## BRIEF
Could you retype all of the records exactly, leaving out every picture?

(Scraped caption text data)
━━━━━━━━━━━━━━━━
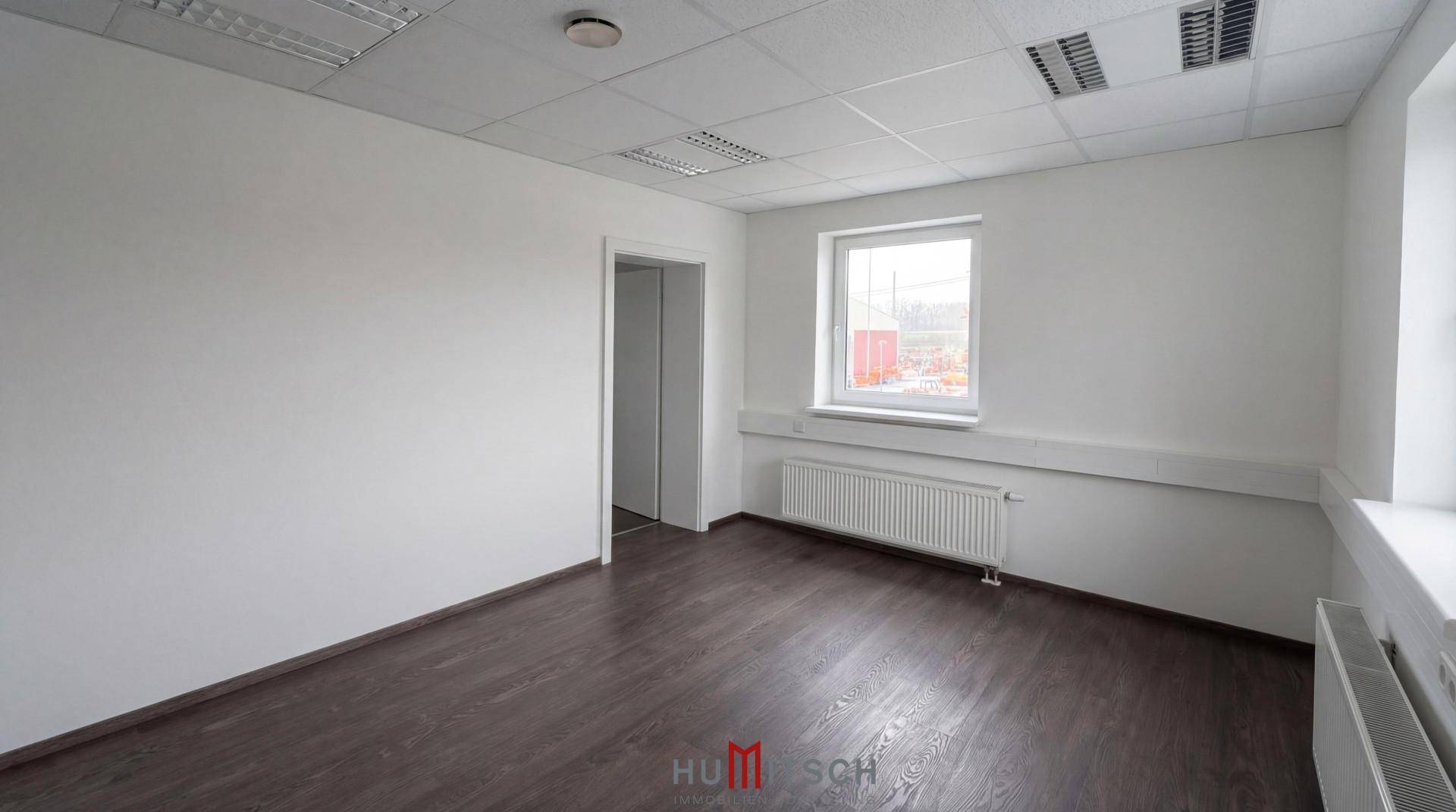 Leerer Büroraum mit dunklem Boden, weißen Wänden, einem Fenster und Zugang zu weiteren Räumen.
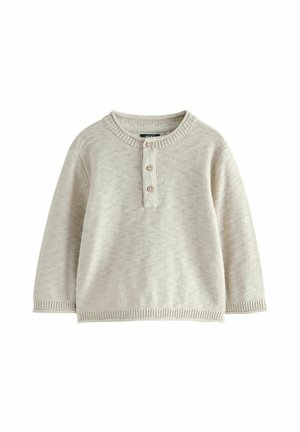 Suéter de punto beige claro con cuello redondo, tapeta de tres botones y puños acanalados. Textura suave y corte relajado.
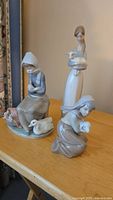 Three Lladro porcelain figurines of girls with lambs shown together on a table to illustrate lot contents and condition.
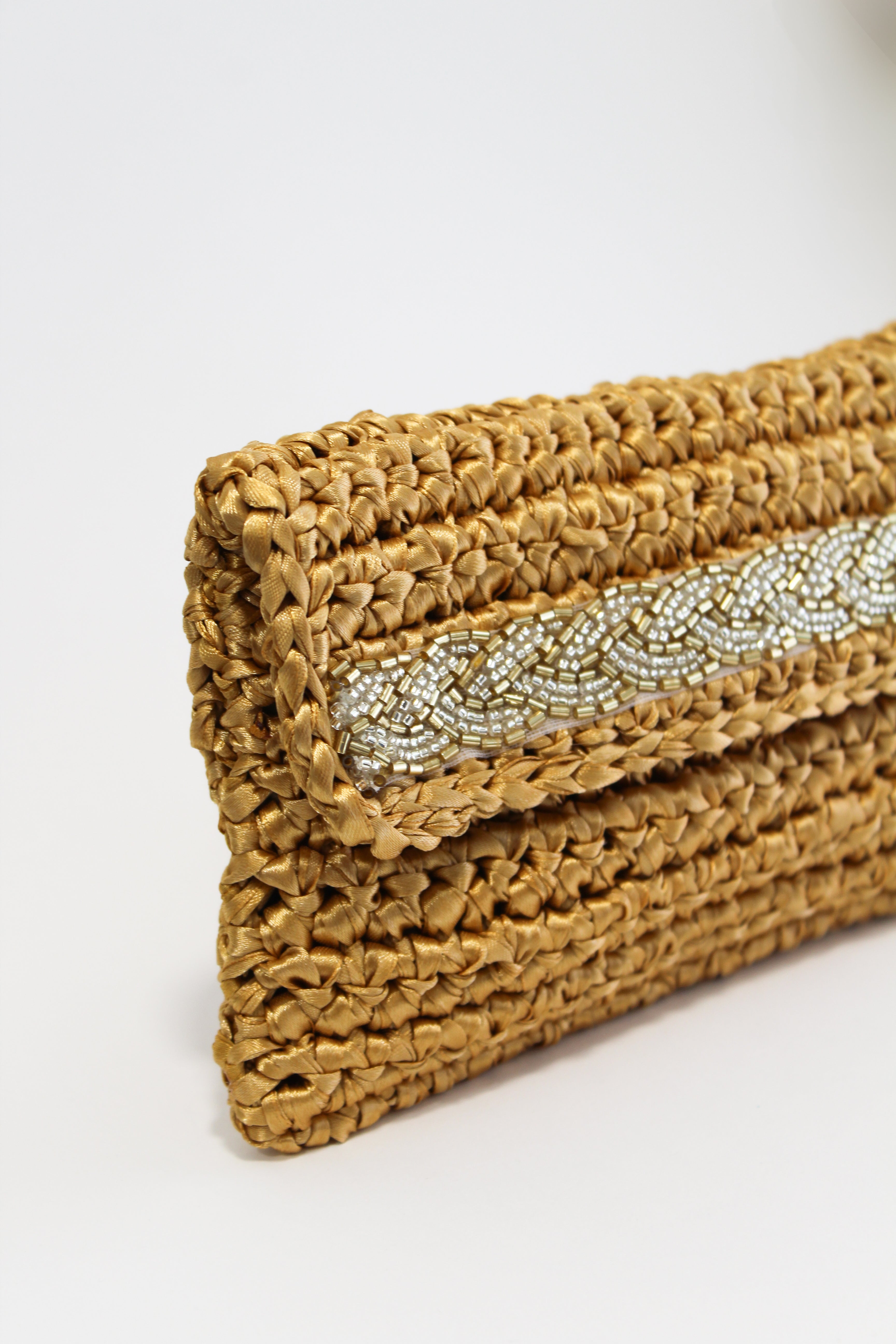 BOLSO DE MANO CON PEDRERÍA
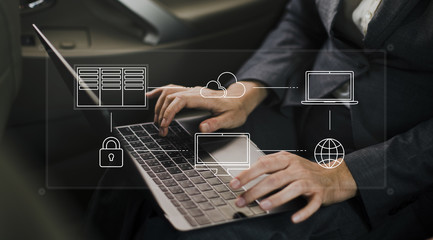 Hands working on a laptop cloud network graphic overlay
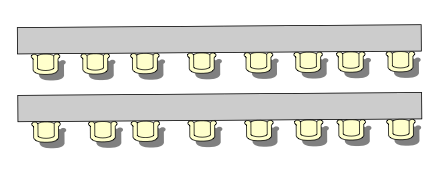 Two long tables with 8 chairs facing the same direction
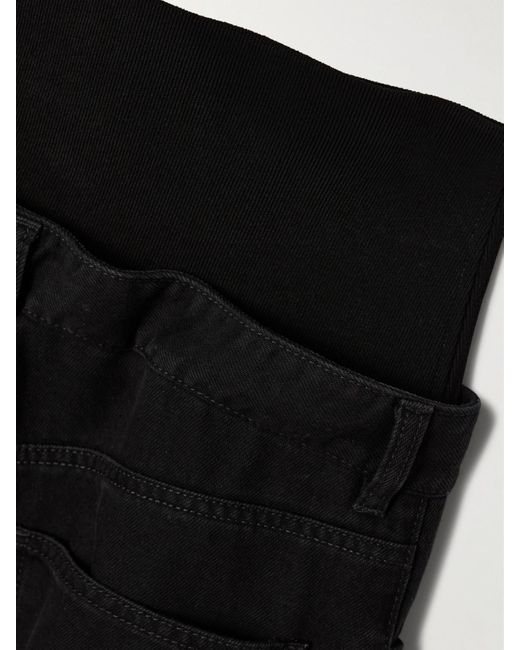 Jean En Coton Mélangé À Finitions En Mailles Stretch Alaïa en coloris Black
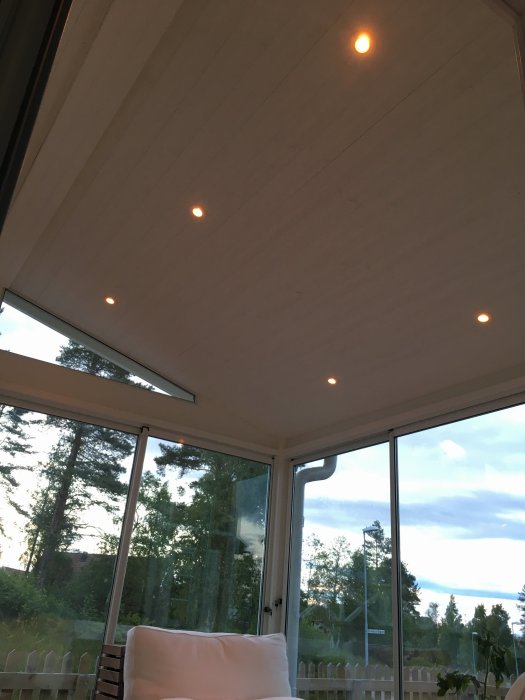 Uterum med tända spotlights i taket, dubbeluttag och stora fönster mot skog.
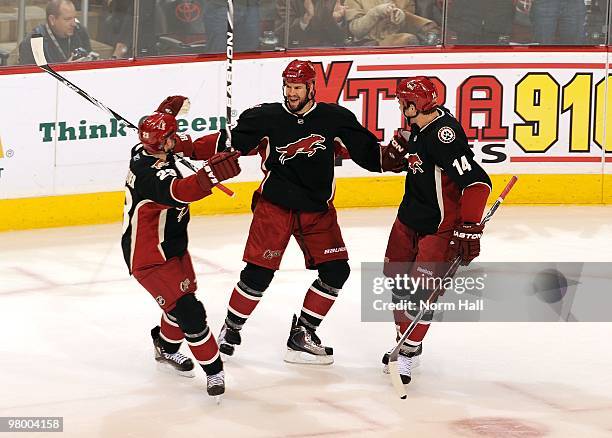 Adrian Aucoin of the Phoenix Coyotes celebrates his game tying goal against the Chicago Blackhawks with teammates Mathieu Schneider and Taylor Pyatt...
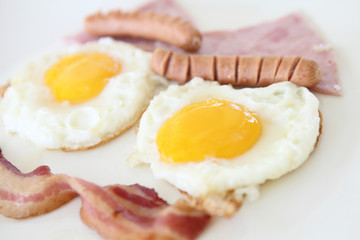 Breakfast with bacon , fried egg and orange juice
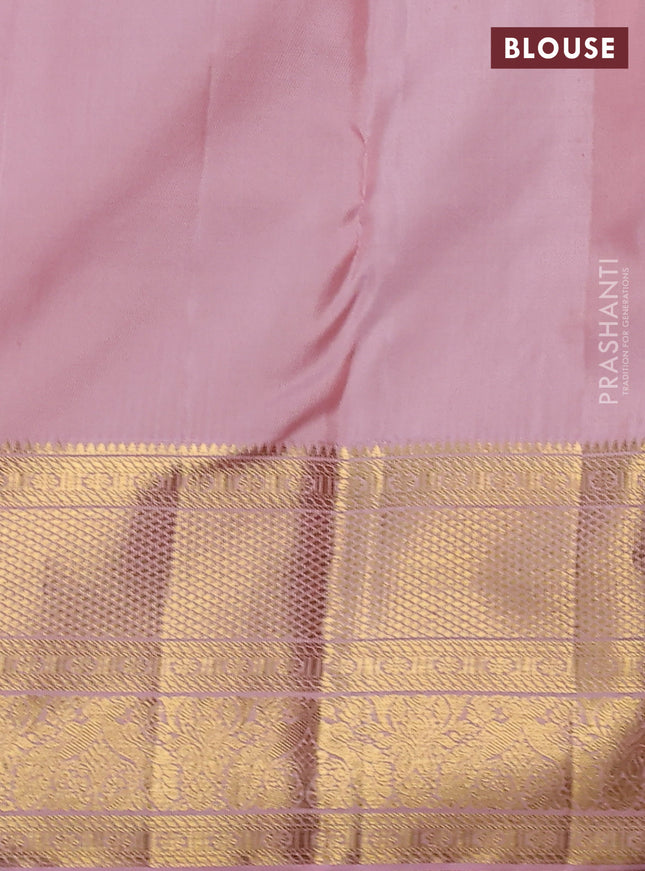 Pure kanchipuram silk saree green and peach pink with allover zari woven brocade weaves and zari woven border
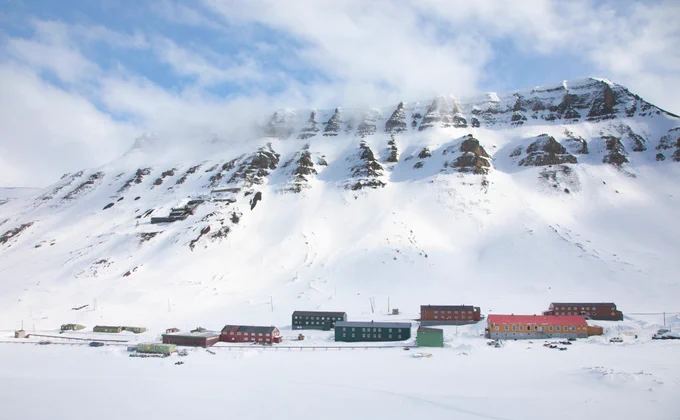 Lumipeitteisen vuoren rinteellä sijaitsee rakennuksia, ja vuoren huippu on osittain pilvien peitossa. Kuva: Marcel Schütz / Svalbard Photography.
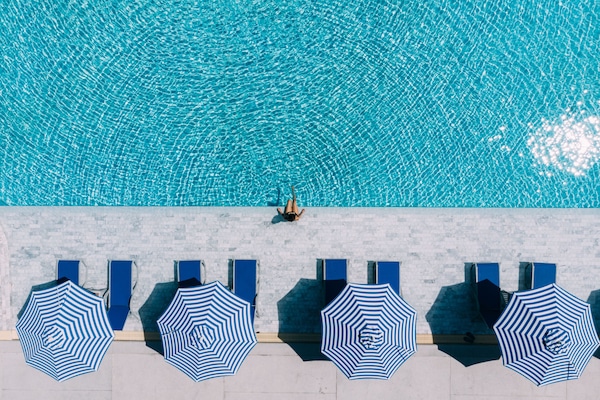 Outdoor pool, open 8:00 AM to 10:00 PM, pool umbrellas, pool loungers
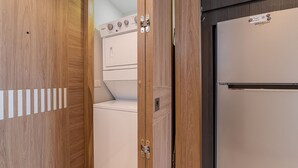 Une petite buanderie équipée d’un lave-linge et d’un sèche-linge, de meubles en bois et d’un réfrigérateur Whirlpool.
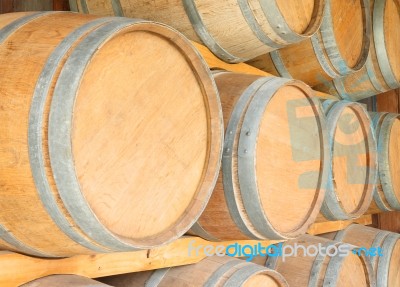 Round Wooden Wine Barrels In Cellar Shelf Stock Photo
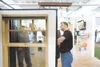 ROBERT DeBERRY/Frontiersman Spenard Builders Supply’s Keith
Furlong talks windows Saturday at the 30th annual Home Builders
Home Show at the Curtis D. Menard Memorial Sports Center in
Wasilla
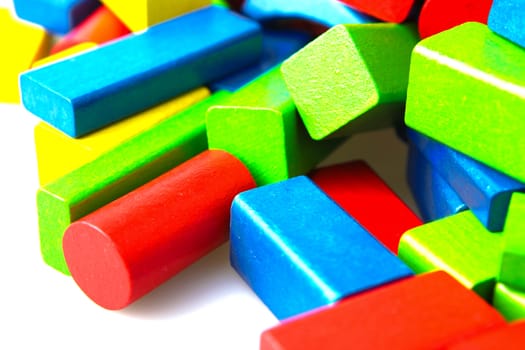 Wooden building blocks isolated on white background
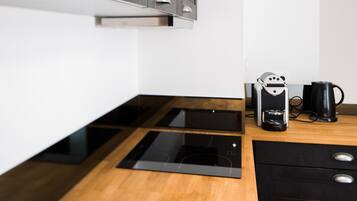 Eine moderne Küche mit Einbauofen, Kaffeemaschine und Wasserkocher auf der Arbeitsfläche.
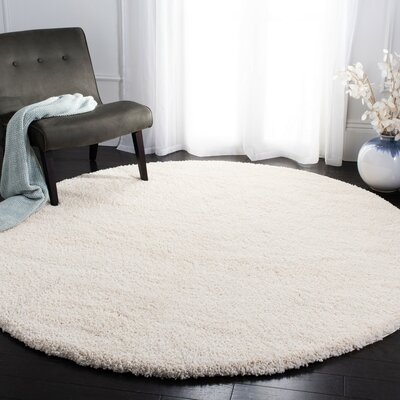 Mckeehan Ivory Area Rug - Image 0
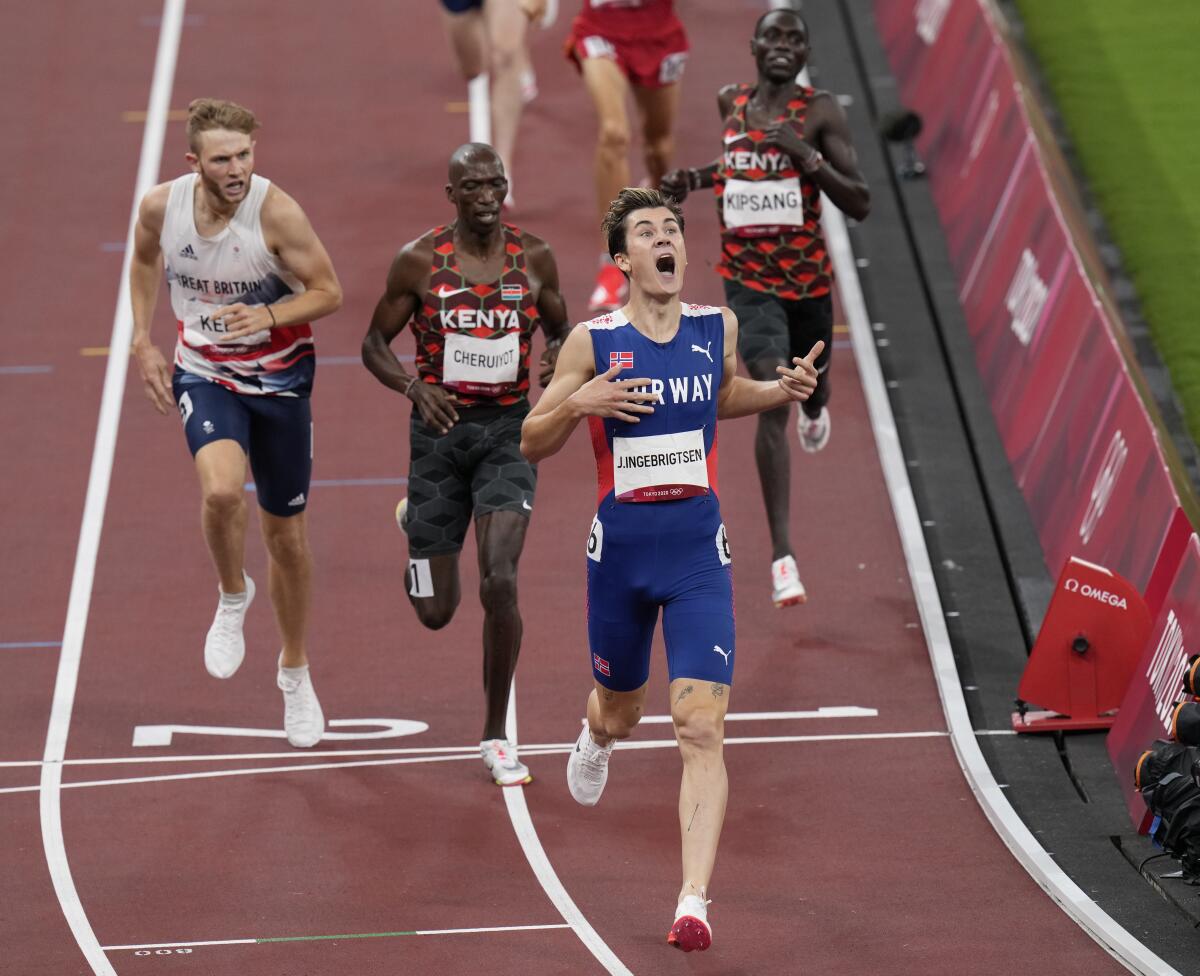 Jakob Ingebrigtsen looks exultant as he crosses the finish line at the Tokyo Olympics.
━━━━━━━━━━━━━━━━
## RESPONSE FOR THIS EXERCISE
 Leerer Büroraum mit dunklem Boden, weißen Wänden, einem Fenster und Zugang zu weiteren Räumen.
 Suéter de punto beige claro con cuello redondo, tapeta de tres botones y puños acanalados. Textura suave y corte relajado.
 Three Lladro porcelain figurines of girls with lambs shown together on a table to illustrate lot contents and condition.
 BOLSO DE MANO CON PEDRERÍA
 Hands working on a laptop cloud network graphic overlay
 Two long tables with 8 chairs facing the same direction
 Jean En Coton Mélangé À Finitions En Mailles Stretch Alaïa en coloris Black
 Uterum med tända spotlights i taket, dubbeluttag och stora fönster mot skog.
 Adrian Aucoin of the Phoenix Coyotes celebrates his game tying goal against the Chicago Blackhawks with teammates Mathieu Schneider and Taylor Pyatt...
 Breakfast with bacon , fried egg and orange juice
 Pure kanchipuram silk saree green and peach pink with allover zari woven brocade weaves and zari woven border
 Lumipeitteisen vuoren rinteellä sijaitsee rakennuksia, ja vuoren huippu on osittain pilvien peitossa. Kuva: Marcel Schütz / Svalbard Photography.
 Outdoor pool, open 8:00 AM to 10:00 PM, pool umbrellas, pool loungers
 Une petite buanderie équipée d’un lave-linge et d’un sèche-linge, de meubles en bois et d’un réfrigérateur Whirlpool.
 Round Wooden Wine Barrels In Cellar Shelf Stock Photo
 ROBERT DeBERRY/Frontiersman Spenard Builders Supply’s Keith
Furlong talks windows Saturday at the 30th annual Home Builders
Home Show at the Curtis D. Menard Memorial Sports Center in
Wasilla
 Wooden building blocks isolated on white background
 Eine moderne Küche mit Einbauofen, Kaffeemaschine und Wasserkocher auf der Arbeitsfläche.
 Mckeehan Ivory Area Rug - Image 0
 Jakob Ingebrigtsen looks exultant as he crosses the finish line at the Tokyo Olympics.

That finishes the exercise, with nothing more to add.